L’onda lunga degli attentati di Parigi dello scorso 13 novembre è arrivata fino a Tokyo. E ora l’esecutivo guidato da Shinzo Abe si prepara a rafforzare le misure antiterrorismo dopo gli impegni presi al recente G20 di Antalya, in Turchia. Più cooperazione con la comunità internazionale per fermare il terrorismo e proteggere le vite dei cittadini giapponesi: sono queste le due priorità che hanno spinto la leadership del Partito liberaldemocratico giapponese, formazione politica al governo da fine 2012, ad annunciare la presentazione di una nuova legge sulla cospirazione nel corso della prossima sessione parlamentare.
La legge punirebbe non solo i complici o gli esecutori di un crimine, ma anche coloro che vengono intercettati mentre parlano della sua organizzazione.
“L’anno prossimo in Giappone si terrà un summit internazionale, una situazione in cui valutare con cautela adeguate misure antiterrorismo”, ha spiegato Sadakazu Tanigaki, segretario generale del partito di maggioranza durante una conferenza stampa a Tokyo il 17 novembre scorso.
Il riferimento è al summit del G7 che si terrà a maggio 2016 proprio in Giappone.

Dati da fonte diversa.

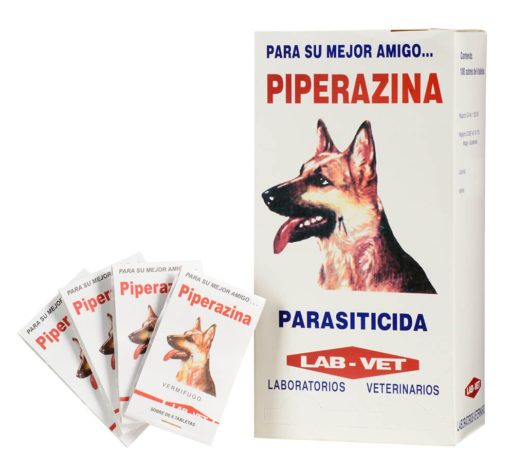 Piperazina Tabletas antiparasitario para perros y gatos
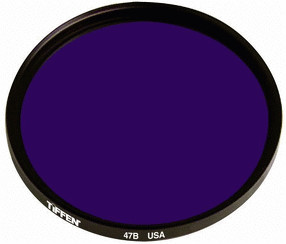 Tiffen 7747B 77mm Blue 47B Filter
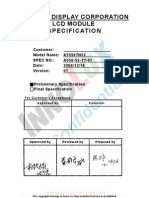 Inno Display Corporation LCD Module Specification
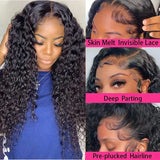 30 32 inch Transparent Deep Wave 13x6 Lace Front Human Hair Wigs 13x4 Lace Frontal Wig Human Hair Wigs 100% Human Hair Quality
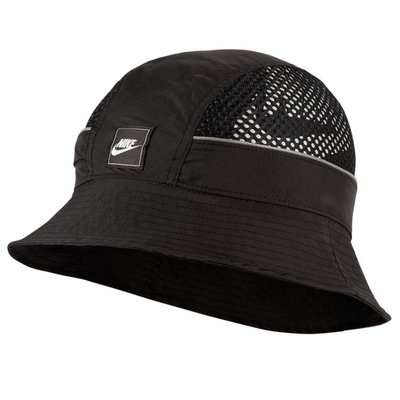 【AYW】NIKE NSW SPORTSWEAR BUCKET HAT MESH CAP黑 網布 漁夫帽 遮陽帽 鐘型帽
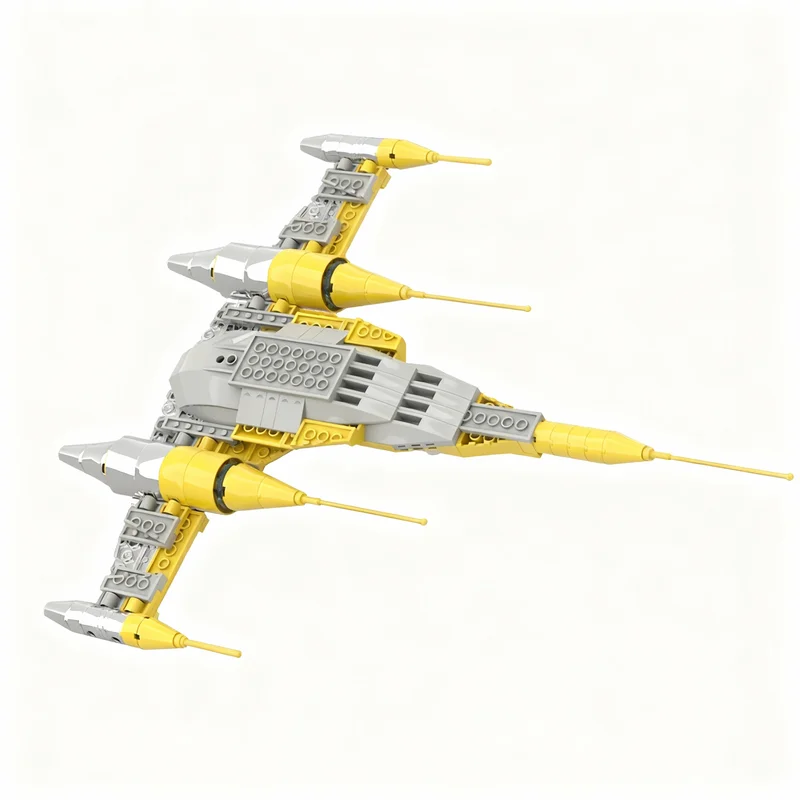 211pcs MOC Star Battle Ultimate Collector Series NB-1S Royal Bomber Model Building Blocks 3D Assemble Collection Creative Idea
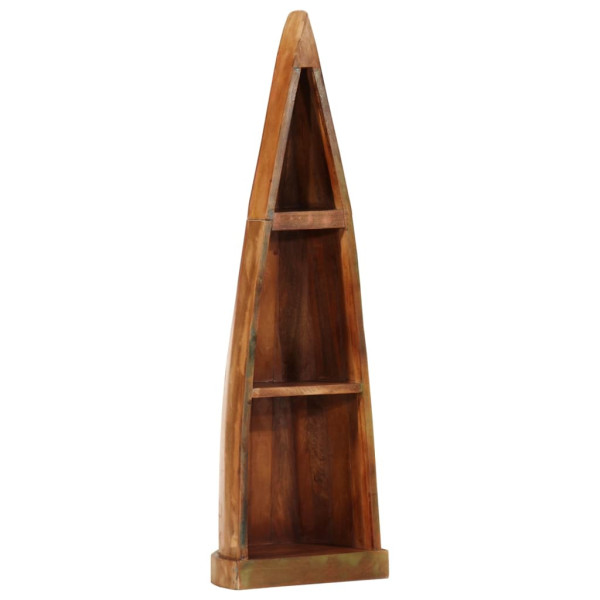 Estantería barca madera maciza reciclada 39x27x127 cm D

Ma negli obiettivi del governo c’è anche il rafforzamento delle misure di sicurezza in vista delle Olimpiadi che si terranno nella capitale del Paese del Sol levante nel 2020.

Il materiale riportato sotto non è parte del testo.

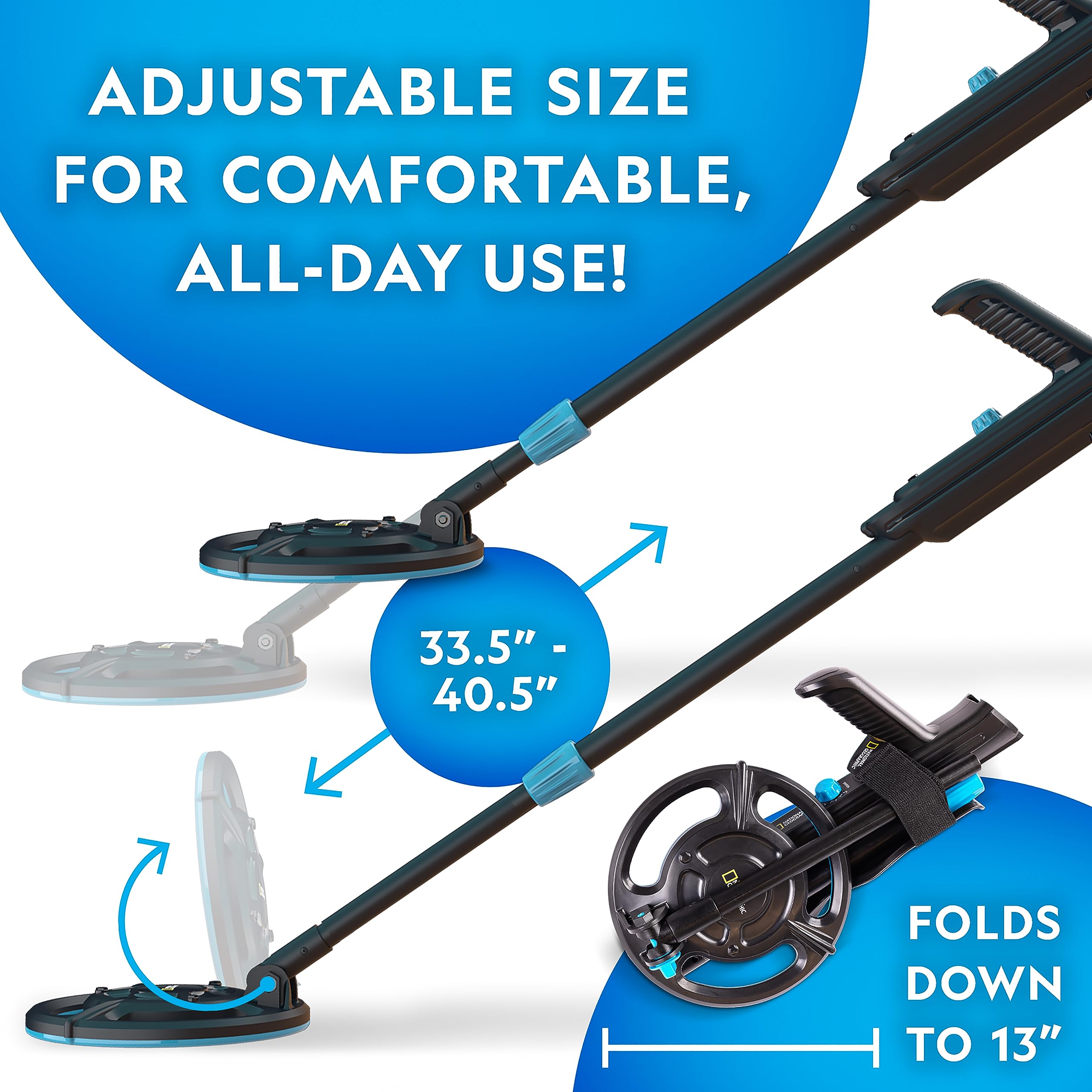 National Geographic Kids Metal Detector Kit with Waterproof Coil & Trowel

“Senza raccogliere informazioni — ha aggiunto Tanigaki — non abbiamo gli strumenti sufficienti per rispondere [alle minacce]”.

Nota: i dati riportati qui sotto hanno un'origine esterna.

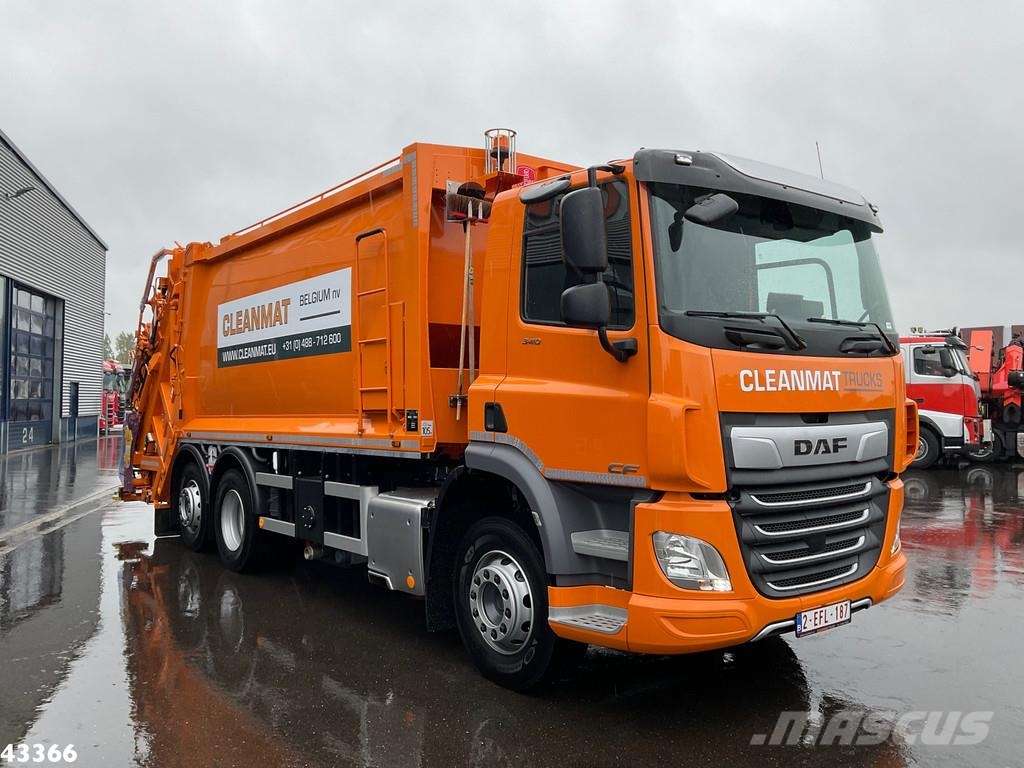 DAF FAN CF 340 VDK 22m³ AE Weighing system 폐기물 수거 트럭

La leadership conservatrice ha così deciso di rispolverare una proposta di legge del 2003 concepita sulla stregua della Convenzione delle Nazioni Unite contro la criminalità organizzata transnazionale, firmata ma non ratificata dal Giappone, che impegnava i paesi firmatari ad adottare, tra le altre, adeguate misure legislative contro il riciclaggio di denaro e ogni forma di “partecipazione, associazione, cospirazione e tentativo di commettere” traffico di denaro sporco.
La bozza di legge, sottoposta tre volte al voto parlamentare, ma mai approvata, mirava ad espandere le capacità di lotta al crimine organizzato attraverso lo strumento delle intercettazioni della corrispondenza o di conversazioni telefoniche tra membri di un’associazione a delinquere. In particolare, esso aveva l’obiettivo di rafforzare gli strumenti di prevenzione di omicidi, truffe e scontri armati per mano dei clan di yakuza, la mafia locale.
A dieci anni di distanza, a fine 2013, la leadership del Partito liberaldemocratico era tornata a ribadire l’importanza dell’introduzione del reato di cospirazione ai fini della lotta al terrorismo. L’occasione era l’approvazione della discussa legge sulla “Protezione dei segreti specifici”, un provvedimento che ha sottoposto al segreto di stato 460 mila documenti in tema di difesa, diplomazia e intelligence e prevede 10 anni di carcere per i giornalisti che pubblichino informazioni sensibili e 5 per chiunque inciti fughe di notizie dai ranghi della burocrazia statale.
Oggi come allora rimangono alcune perplessità; in particolare, per quanto riguarda la tutela della privacy e l’effettiva urgenza di una misura che sembra pensata per rafforzare un sistema di sorveglianza già pervasivo — basti pensare nella sola Tokyo opera il corpo di polizia più grande del mondo, forte di oltre 43mila agenti — e stringere il controllo delle autorità sull’opinione pubblica.
Le opposizioni fanno notare l’estrema difficoltà “di trovare un equilibrio che permetta di gestire una crisi nel modo più consono e al contempo proteggere i diritti delle persone”; mentre dalle pagine del quotidiano Tokyo Shimbun, l’Associazione nazionale degli avvocati fa critica l’idea dell’esecutivo: “Proporre il reato di cospirazione come misura antiterrorismo è una distorsione interpretativa notevole”.